Кто‑то из друзей мне как‑то сказал: "Ну что ж с того, что ты в детстве много плакала, зато, не раскрой тебе тетя Маруся правду о родителях, ты, может, и актрисой бы не стала". Ну уж нет! Как бы ни сложилась моя судьба, я все равно была бы на сцене, на экране, на арене, на пьедестале, на подиуме, в президиуме, на лобном месте, в крайнем случае, на скамье подсудимых (шучу), но ни за что не в толпе! Женщин из толпы я играю охотно, легко и просто, но в кино, а не в жизни. Здесь уж ничего не поделаешь! Такой я родилась! И потом… Разве слезы ребенка так‑таки ничего не стоят?

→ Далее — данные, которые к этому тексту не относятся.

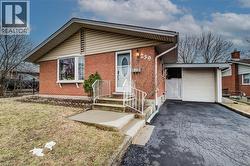 239 WINFIELD Avenue  Waterloo, ON N2J 3M8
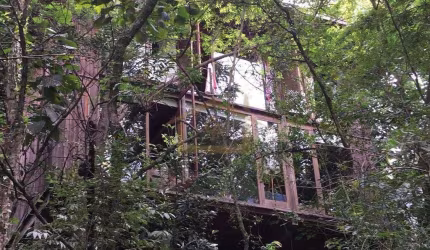 Casa para alugar em Chácara Quiriri de 245.00m² com 3 Quartos e 2 Garagens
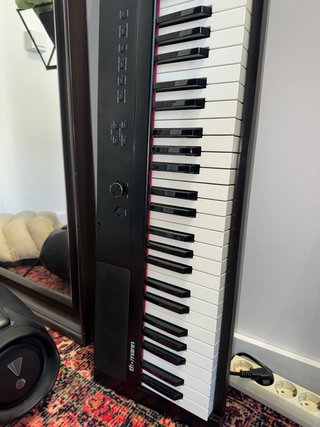 Piano Thomann SP-120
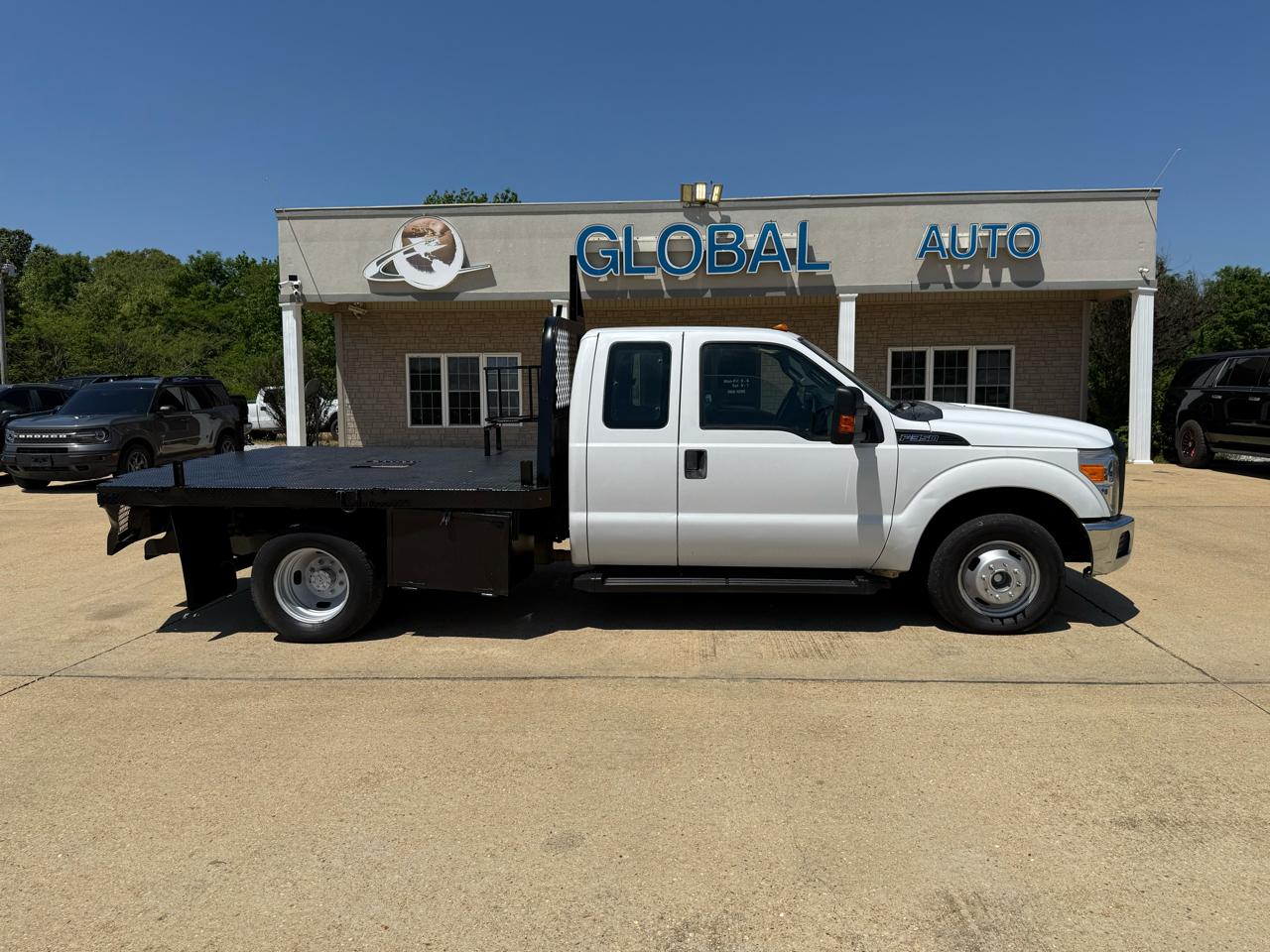 Ford F-350 SD XL SuperCab Long Bed DRW 2WD 2012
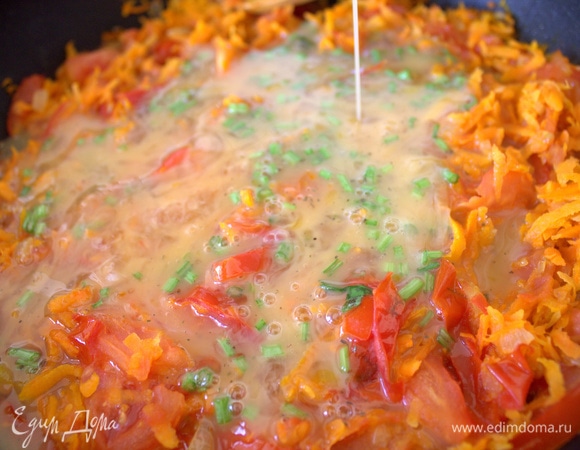 Распределить так, чтобы все овощи были равномерно покрыты.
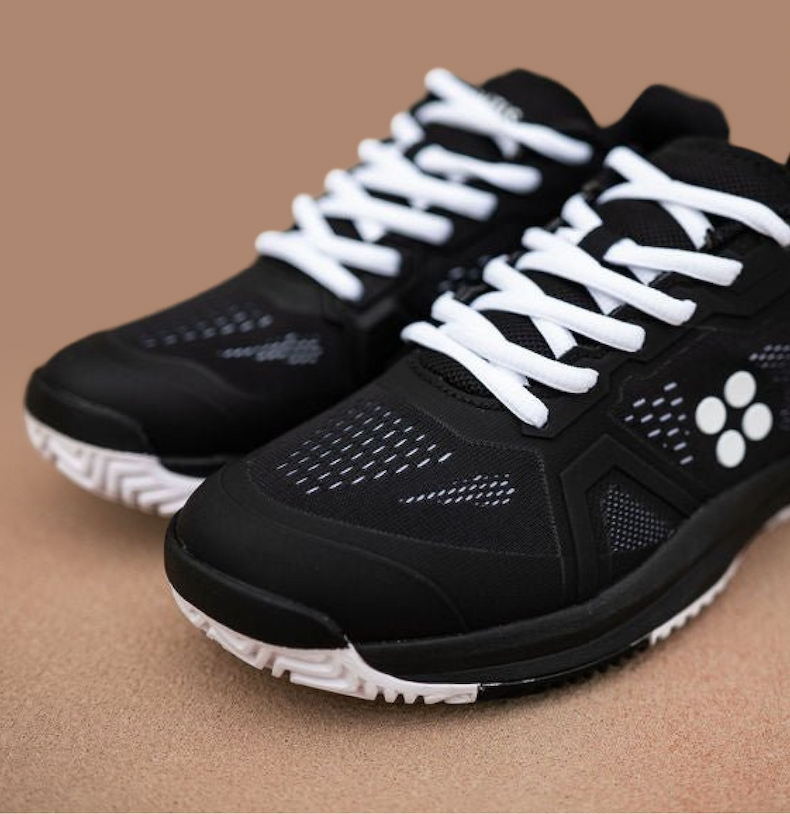 SHOP: Holbrook by Montis - Black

Моим приемным родителям было со мной нелегко. В раннем детстве я перенесла туберкулез, росла нервным ребенком, была рассеянной, невнимательной, часто била посуду. Я была уже школьницей, но продолжала писать в постель. Это был ужас, это был кошмар. Я очень крепко спала, а просыпалась, когда уже было поздно. И все равно я так хотела спать, что не могла подняться, лишь подтыкала под себя одеяло, потому что было мокро и очень неприятно. Утром был очередной скандал. Что только со мной не делали: не давали мне вечером чай, водили к врачу, я пила какие‑то лекарства. Однажды тетка сказала мне: "Вот вырастешь, выйдешь замуж и описаешь своего мужа". Это произвело на меня такое впечатление! Я все время думала, какой это будет дяденька, как я с ним лягу спать и как я его описаю. Этот ужас я пронесла через все свое детство.
Позже я стала еще и лунатиком. Поздним вечером просыпалась, ходила по комнате, садилась на колени к дяде Пете, потом снова ложилась и утром ничего не помнила. И опять меня ругали и водили к врачу.
Однажды тетя Маруся связала узелок с моими вещичками и сказала: "Уходи, ты непослушная, я не могу с тобой справиться". И я, ничуть не смутившись, пошла по квартирам. Я звонила и говорила: "Меня тетя выгнала из дома. Возьмете меня к себе жить?" Кто‑то читал мне нотации, кто‑то захлопывал дверь, и никто не взял. В конце концов я пошла к дворничихе, к ее косой дочке, с которой мне почему‑то не разрешали дружить. Она меня пустила к себе, мы с ней залезли на кровать, высокую - высокую, с огромным количеством подушек. Там было так хорошо, мягко. Мы во что‑то играли, а внизу, за столом, - кутерьма, дым коромыслом, поют, гуляют.